Ensemble API¶
-
class
msitrees.ensemble.MSIRandomForestClassifier(n_estimators: int = 100, bootstrap: bool = True, feature_sampling: bool = True, n_jobs: int = - 1, random_state: Optional[int] = None, **kwargs)¶ MSI Random Forest Classifier
A collection of MSI based decision tree classifiers fitted on bootstrapped sub-samples of dataset. Final class label is decided by majority voting between all estimators.
- Parameters
n_estimators (int, default=100) – Number of tree estimators to fit
bootstrap (bool, default=True) – When true, each estimator in will be fitted with bootstrap sub-sample of original dataset.

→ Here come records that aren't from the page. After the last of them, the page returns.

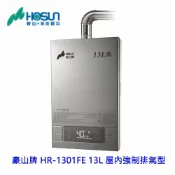KW廚房世界 高雄 豪山牌 HR-1301 FE 13L 屋內強制排氣型 熱水器 限定區域送基本安裝【APP滿額下單10%點數(單一帳號最高1000點)】9/30止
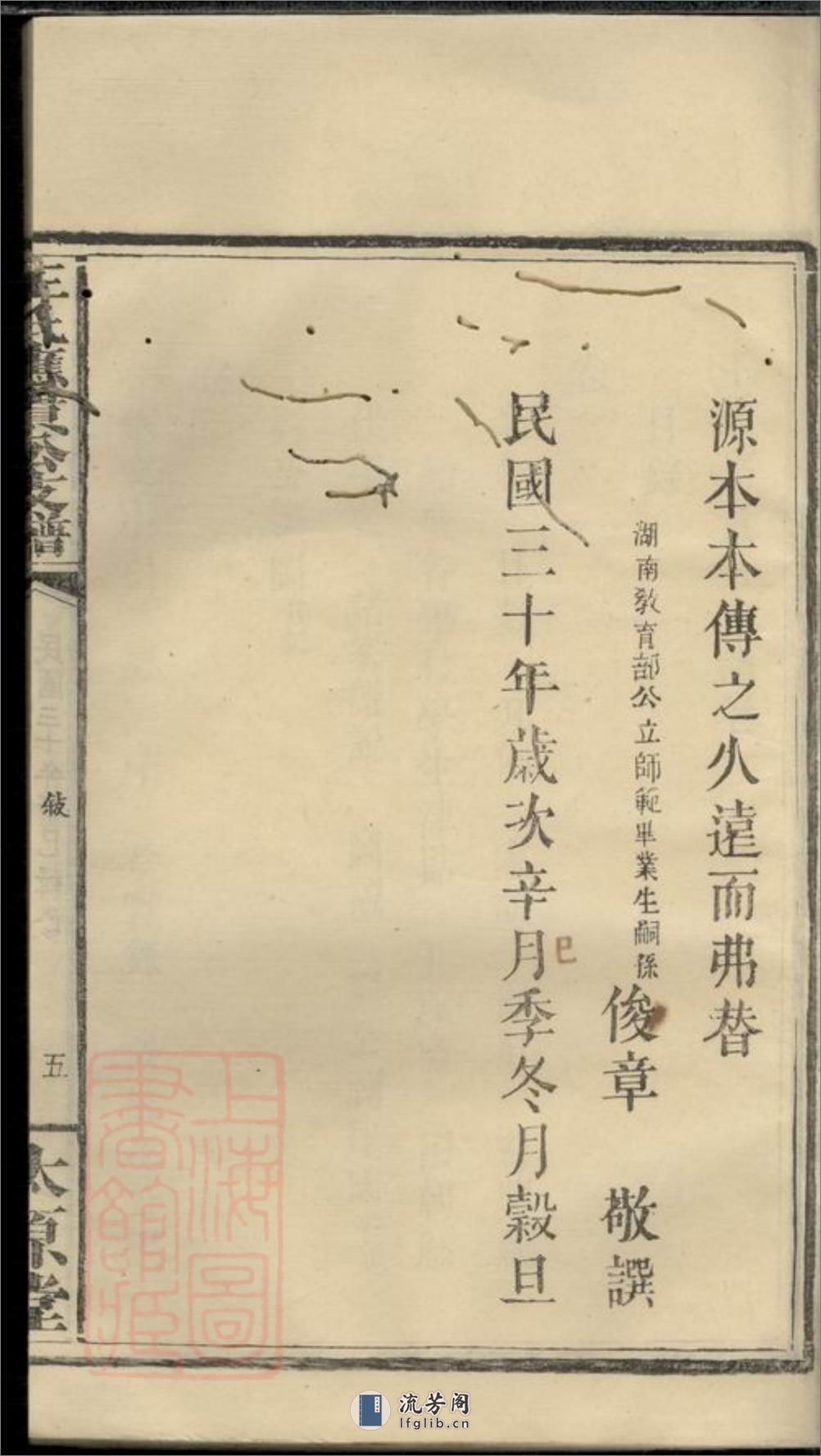 王氏应贵公支谱：十卷：[湖南浏阳] - 第12页预览图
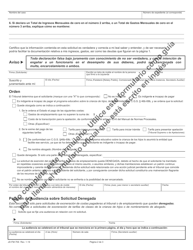 Formulario JD-FM-75S Solicitud De Exoneracion De Tarifas, Pago De Costas, Nombramiento De Abogado - Asuntos De Familia - Connecticut (Spanish), Page 2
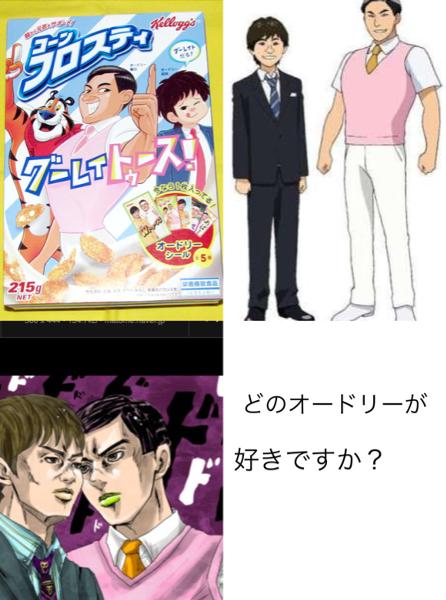 盆 オードリー 2016年10月18日のイラストのボケ 45506434 ボケて Bokete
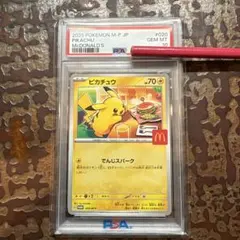 2026年最新】ピカチュウ psa10 マクドナルドの人気アイテム - メルカリ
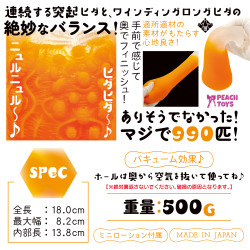 Kaku-Meiki Mimizu 990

feature_sampling (bool, default=True) – When true, number of features considered at each split will be equal to sqrt(n_features). This is equivalent of sklearn max_features param set to ‘auto’.
n_jobs (int, default=-1) – Number of parallel jobs to run. When set to -1 all CPUs are used. 1 means no parallel processing.
random_state (int, default=None) – Sets seed for class instance. Used to control bootstrap. Note that this seeds only generator that sets random state for each estimator, so trees generally should have their own unique seeds. When random_state is set to a number, those seeds will be reproduced at each run. Parameter set to None should result in different estimator seeding each time.
-
estimators¶ list with all fited MSIDecisionTreeClassifier instances.
- Type
list
-
fitted¶ Boolean variable indicating if tree was previously fitted.
- Type
bool
-
shape¶ Shape of dataset X with (n_samples, n_features) or None if tree was not yet fitted.
- Type
tuple
-
ncls¶ Number of classification categories or None if tree was not yet fitted.
- Type
int
-
ndim¶ Number of dataset X dimensions. 1 if n_features eq 1, 2 if n_features > 1 or None if tree was not yet fitted.
- Type
int
-
importances¶ Array with feature importances or None if tree was not fitted.
- Type
np.ndarray
References
[1] https://ieeexplore.ieee.org/stamp/stamp.jsp?tp=&arnumber=8767915
[4] https://www.stat.berkeley.edu/~breiman/RandomForests/cc_home.htm
Examples
>>> from msitrees.ensemble import MSIRandomForestClassifier >>> from sklearn.datasets import load_iris >>> from sklearn.model_selection import cross_val_score >>> data = load_iris() >>> clf = MSIRandomForestClassifier() >>> cross_val_score(clf, data['data'], data['target'], cv=10) ... array([1. , 1. , 1. , 1. , 0.93333333, 0.86666667, 0.93333333, 0.86666667, 0.8 , 1. ])
-
property
feature_importances_¶ Returns feature importances
Each feature importance is calculated as normalized sum of gini based information gain at nodes where split was made on that particular feature. For random forest classifier, final importance is a mean over all estimators.
- Returns
importances – Normalized array of feature importances.
- Return type
np.ndarray
-
fit(x: Union[numpy.ndarray, pandas.core.frame.DataFrame, pandas.core.series.Series], y: Union[numpy.ndarray, pandas.core.series.Series]) → msitrees.ensemble.MSIRandomForestClassifier¶ Fits random forest classifier to training dataset.
- Parameters
x (np.ndarray) – Training data of shape (n_samples, n_features) or (n_samples, ). All values have to be numerical, so perform any required encoding before calling this method.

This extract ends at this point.